More restrictive easements may hasten N.J. Shore dune agreements
Gov. Chris Christie has made it clear that wants a coastal protection system built along the entire Jersey Shore. But some beachfront property owners are still reluctant to grant easements for the projects.
Brick Township Mayor Steve Acropolis says more people are likely to sign the easements that now specify they're just for beach protection projects.
"So for the 50-year easement that you have, it's just for this project.
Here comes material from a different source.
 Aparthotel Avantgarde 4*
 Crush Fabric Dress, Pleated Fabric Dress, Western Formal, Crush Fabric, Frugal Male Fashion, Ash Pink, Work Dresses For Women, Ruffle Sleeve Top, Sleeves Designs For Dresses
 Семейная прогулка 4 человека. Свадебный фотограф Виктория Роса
People are concerned that, let's say 10 years from now, 20 years from now, it's a different governor, a different mayor, well now the town wants to put a boardwalk in, well you have an easement we can do that," Acropolis said. "That's been taken out of the easement."
Acropolis says the biggest impediment to getting people to sign the easements centers on just where the Army Corps of Engineers is going to put the dune line.
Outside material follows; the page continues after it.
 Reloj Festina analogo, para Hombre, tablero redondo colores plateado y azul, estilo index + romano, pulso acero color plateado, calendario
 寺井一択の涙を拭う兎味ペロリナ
Once that's clarified, he said he expects more homeowners will give their approval.
Of the 150 easements needed in Brick to allow the shore restoration, only about half have been signed.
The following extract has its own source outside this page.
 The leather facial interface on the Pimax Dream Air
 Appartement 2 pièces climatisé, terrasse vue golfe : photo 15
Mantoloking Mayor George Nebel also is urging homeowners to sign easements allowing for the shore protection projects.
"We tried to get the beach renourished here in 2007. We had a major campaign. We had over half the oceanfront owners signing easements, not near enough," he said. "Had we done it then, we wouldn't have this situation now ... Sandy proved that we must replenish the beach."
Nebel says only 13 of the 128 owners of oceanfront property in Mantoloking have not granted easements, and he's hoping the holdouts will come around in the next few weeks.
Christie has vowed the Shore protection work will proceed with, or without, the homeowners' approval.